Please output the section of the listing below that opens with the line containing "Badtke Edelstahl Rohrdoppelnippel" and closes with the line containing "Dog House, Gable Roof, Weatherproof, Grey", exactly and with nothing else.

Data for analysis –
——————

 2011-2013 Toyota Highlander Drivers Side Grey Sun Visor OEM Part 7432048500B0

——————

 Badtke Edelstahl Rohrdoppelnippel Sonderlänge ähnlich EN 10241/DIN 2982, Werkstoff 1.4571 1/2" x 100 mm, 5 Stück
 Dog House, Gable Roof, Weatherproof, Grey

——————

Answer box –
 Badtke Edelstahl Rohrdoppelnippel Sonderlänge ähnlich EN 10241/DIN 2982, Werkstoff 1.4571 1/2" x 100 mm, 5 Stück
 Dog House, Gable Roof, Weatherproof, Grey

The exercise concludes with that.